The records:
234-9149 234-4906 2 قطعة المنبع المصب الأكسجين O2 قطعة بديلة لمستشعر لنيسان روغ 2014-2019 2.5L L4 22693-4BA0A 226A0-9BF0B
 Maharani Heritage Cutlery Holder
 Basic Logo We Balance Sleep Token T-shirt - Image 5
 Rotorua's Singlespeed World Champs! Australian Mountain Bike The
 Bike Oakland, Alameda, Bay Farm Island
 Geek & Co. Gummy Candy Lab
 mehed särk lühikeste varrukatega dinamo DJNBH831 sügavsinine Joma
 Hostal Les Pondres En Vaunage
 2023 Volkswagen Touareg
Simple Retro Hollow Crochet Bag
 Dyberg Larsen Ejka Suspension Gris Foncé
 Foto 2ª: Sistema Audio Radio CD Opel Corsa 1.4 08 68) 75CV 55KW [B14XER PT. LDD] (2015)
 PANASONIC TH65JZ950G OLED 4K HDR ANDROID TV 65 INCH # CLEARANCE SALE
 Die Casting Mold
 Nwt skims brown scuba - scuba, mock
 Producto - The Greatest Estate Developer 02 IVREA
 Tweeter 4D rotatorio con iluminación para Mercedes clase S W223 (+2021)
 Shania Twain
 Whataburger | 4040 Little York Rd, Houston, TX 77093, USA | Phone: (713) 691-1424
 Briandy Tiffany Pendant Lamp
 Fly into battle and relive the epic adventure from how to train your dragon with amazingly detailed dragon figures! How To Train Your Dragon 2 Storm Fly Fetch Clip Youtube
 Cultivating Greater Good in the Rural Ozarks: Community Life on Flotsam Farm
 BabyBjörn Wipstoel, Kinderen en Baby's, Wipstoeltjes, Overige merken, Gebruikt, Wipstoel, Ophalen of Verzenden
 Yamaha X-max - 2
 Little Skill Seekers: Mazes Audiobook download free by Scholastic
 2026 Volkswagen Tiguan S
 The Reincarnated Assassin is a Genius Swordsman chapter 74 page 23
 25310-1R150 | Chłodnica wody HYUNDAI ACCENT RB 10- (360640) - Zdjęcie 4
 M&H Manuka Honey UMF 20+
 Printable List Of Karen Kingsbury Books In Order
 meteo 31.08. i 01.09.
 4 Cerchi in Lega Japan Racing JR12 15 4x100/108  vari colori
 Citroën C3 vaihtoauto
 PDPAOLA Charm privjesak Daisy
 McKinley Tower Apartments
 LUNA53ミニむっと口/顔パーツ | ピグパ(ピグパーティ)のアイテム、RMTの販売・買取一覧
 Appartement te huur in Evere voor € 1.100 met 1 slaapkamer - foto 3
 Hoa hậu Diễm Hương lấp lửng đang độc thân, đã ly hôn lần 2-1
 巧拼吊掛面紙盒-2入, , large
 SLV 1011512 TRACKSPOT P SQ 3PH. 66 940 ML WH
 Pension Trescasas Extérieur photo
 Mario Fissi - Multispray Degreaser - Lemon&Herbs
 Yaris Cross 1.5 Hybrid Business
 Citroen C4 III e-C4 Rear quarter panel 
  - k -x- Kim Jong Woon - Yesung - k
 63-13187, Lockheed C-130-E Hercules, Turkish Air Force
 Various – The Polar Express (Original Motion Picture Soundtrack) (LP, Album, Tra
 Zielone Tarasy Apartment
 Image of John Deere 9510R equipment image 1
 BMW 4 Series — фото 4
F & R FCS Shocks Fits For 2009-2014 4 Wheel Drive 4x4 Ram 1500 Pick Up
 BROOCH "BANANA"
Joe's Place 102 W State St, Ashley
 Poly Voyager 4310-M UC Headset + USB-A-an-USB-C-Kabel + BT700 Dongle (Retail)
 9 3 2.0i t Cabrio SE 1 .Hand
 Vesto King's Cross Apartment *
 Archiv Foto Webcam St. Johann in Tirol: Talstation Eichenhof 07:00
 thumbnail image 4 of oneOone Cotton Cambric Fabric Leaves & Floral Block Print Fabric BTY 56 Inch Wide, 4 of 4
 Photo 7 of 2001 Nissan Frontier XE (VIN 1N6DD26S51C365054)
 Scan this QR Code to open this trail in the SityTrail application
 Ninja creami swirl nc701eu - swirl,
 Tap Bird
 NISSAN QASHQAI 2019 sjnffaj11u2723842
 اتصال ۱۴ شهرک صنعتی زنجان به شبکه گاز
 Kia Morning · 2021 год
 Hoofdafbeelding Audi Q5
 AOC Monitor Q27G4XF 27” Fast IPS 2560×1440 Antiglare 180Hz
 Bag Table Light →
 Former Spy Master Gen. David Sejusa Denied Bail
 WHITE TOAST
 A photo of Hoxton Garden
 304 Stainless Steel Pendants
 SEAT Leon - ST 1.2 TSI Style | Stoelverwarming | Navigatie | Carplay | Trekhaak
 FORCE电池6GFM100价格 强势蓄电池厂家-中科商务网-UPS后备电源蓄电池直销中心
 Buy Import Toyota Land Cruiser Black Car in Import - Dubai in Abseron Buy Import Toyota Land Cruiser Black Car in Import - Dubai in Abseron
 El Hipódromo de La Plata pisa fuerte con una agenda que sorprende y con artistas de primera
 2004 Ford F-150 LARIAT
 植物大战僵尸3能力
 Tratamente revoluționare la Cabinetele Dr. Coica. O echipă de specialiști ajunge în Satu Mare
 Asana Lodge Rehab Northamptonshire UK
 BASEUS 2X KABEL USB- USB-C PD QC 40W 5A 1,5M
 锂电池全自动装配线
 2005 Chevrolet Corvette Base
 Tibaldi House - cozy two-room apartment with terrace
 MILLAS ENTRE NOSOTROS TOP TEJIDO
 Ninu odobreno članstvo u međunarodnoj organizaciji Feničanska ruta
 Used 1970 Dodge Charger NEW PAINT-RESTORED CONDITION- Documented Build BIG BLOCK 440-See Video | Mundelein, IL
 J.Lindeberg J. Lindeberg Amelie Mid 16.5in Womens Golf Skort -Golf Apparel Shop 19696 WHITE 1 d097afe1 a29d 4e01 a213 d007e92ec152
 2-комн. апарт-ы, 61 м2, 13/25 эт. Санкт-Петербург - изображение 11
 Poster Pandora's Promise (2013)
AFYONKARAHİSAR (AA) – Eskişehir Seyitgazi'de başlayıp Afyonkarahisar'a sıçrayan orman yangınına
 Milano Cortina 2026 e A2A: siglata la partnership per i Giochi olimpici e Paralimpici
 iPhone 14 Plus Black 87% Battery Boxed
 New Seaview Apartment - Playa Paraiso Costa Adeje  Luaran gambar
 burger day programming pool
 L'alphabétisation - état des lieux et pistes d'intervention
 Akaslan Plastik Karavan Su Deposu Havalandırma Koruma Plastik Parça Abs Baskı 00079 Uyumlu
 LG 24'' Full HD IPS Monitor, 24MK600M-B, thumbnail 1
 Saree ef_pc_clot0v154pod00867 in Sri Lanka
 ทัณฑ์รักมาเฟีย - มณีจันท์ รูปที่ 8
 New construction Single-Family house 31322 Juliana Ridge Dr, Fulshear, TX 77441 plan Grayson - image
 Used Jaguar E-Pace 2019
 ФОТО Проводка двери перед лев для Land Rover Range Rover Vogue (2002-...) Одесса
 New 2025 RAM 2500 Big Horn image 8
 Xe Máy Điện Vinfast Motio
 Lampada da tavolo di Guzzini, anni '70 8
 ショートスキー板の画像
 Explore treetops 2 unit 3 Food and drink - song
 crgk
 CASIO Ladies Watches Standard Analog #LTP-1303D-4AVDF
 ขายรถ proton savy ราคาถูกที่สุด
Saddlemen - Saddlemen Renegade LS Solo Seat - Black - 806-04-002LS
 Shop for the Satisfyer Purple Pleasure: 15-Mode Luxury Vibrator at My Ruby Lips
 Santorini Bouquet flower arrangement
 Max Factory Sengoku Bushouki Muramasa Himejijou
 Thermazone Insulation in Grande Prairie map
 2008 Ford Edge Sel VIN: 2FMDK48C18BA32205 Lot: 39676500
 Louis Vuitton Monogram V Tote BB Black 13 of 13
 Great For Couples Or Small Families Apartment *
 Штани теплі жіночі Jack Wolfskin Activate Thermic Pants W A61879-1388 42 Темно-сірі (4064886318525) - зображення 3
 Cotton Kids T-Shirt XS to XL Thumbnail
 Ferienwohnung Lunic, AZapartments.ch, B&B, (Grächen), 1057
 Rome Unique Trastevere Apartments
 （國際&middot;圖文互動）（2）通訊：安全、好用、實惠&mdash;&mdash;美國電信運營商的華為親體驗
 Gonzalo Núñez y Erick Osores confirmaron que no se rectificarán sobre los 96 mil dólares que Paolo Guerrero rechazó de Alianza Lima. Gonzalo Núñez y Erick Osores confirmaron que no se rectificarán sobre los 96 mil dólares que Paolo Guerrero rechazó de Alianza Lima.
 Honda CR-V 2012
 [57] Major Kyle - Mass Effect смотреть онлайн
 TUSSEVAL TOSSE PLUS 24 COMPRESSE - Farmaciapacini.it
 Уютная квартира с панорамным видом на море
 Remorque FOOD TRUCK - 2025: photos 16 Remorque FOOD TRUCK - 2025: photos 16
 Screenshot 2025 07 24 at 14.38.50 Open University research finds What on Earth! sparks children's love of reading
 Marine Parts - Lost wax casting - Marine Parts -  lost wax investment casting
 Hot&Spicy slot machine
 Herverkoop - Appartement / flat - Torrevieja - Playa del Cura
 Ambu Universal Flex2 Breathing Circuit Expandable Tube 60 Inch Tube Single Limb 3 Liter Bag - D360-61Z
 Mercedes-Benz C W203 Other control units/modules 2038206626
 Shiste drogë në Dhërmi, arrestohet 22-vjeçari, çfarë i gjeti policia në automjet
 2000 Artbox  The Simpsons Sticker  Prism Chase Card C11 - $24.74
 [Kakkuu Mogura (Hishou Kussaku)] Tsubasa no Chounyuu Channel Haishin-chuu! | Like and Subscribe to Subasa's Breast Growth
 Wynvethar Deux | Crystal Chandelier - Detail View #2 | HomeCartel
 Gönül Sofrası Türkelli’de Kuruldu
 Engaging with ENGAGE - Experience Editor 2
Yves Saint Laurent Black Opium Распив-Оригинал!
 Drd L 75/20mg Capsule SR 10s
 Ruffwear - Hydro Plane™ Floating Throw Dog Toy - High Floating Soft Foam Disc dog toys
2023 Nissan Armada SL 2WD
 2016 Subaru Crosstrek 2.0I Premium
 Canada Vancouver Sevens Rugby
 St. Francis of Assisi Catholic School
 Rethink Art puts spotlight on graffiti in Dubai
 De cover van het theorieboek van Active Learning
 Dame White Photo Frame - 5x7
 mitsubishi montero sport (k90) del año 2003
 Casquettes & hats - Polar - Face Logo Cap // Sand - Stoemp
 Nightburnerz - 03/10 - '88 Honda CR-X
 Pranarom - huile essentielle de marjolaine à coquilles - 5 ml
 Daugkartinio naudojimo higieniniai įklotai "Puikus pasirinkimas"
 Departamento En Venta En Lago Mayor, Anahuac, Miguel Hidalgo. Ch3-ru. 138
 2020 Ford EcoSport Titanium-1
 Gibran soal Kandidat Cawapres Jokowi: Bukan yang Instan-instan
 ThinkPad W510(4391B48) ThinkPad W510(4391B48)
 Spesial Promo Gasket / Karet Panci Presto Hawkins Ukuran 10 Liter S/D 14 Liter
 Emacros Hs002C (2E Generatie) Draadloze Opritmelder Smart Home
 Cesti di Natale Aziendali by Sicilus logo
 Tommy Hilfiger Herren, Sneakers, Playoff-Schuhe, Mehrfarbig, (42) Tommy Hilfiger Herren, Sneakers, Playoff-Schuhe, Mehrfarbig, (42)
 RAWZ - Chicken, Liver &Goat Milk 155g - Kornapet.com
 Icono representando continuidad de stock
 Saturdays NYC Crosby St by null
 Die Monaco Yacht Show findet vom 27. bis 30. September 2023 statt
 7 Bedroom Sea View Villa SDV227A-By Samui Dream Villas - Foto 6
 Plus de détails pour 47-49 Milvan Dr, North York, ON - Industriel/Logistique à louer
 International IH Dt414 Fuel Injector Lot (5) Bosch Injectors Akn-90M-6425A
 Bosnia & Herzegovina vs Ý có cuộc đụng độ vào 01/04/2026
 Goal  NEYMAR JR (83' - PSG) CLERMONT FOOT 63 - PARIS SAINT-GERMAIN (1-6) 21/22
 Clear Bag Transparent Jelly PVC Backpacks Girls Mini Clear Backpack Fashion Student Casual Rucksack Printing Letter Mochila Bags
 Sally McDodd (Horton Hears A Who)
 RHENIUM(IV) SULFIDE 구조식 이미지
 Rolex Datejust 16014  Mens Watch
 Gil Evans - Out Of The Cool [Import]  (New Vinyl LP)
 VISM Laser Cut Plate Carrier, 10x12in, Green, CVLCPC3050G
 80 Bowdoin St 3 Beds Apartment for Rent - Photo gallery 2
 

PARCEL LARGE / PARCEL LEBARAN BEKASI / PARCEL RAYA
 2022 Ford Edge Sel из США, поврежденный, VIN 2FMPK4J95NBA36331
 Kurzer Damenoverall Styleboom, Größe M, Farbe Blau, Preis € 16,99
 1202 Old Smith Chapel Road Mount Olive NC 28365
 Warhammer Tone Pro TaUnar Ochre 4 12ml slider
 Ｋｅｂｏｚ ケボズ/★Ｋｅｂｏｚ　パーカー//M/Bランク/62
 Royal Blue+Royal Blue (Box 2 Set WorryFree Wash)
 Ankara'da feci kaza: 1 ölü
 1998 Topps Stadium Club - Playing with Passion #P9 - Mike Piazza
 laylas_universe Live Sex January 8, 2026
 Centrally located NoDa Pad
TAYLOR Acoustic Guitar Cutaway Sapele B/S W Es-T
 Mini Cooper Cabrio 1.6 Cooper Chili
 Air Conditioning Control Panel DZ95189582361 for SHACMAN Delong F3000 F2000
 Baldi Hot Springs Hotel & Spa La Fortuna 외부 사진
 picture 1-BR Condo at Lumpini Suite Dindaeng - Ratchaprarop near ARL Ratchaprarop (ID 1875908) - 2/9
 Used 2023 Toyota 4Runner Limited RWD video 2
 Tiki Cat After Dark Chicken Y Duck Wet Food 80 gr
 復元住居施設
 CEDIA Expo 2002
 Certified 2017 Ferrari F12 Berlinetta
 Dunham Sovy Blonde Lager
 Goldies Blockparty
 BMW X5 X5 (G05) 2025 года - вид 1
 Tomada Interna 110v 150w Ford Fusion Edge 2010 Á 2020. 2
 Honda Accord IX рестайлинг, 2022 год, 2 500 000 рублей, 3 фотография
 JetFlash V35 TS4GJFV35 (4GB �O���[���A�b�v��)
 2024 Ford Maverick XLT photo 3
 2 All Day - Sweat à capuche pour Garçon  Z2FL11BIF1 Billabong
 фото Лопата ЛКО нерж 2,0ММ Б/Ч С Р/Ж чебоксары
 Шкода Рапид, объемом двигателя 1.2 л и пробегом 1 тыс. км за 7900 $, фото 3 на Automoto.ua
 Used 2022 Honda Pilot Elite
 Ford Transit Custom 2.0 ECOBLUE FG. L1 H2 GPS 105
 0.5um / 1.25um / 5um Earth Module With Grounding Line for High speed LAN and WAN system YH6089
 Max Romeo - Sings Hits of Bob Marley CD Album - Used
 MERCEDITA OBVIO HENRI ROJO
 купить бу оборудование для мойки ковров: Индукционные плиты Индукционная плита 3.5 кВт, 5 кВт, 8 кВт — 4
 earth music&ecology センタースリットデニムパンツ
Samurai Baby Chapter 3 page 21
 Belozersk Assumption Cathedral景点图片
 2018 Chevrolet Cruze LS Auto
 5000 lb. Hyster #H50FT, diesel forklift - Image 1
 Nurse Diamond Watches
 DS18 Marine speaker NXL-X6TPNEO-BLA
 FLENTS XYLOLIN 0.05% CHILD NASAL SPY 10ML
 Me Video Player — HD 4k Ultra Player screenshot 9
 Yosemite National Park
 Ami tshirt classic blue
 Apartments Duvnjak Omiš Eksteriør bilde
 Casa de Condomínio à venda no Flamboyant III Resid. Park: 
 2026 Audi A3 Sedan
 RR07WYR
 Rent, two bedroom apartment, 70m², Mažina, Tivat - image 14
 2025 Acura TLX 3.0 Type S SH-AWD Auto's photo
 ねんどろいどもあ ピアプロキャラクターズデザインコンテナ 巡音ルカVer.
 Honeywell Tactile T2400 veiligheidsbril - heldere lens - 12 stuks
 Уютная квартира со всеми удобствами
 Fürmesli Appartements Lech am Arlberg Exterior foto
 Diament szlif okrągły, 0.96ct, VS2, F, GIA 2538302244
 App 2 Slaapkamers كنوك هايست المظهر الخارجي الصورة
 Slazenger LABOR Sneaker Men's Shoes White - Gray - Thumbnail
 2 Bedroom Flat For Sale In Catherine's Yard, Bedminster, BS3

Aim of the exercise:
Only lines that include "Import" belong in the answer; copy all of them from the listing.

Response area:
 Buy Import Toyota Land Cruiser Black Car in Import - Dubai in Abseron Buy Import Toyota Land Cruiser Black Car in Import - Dubai in Abseron
 Gil Evans - Out Of The Cool [Import]  (New Vinyl LP)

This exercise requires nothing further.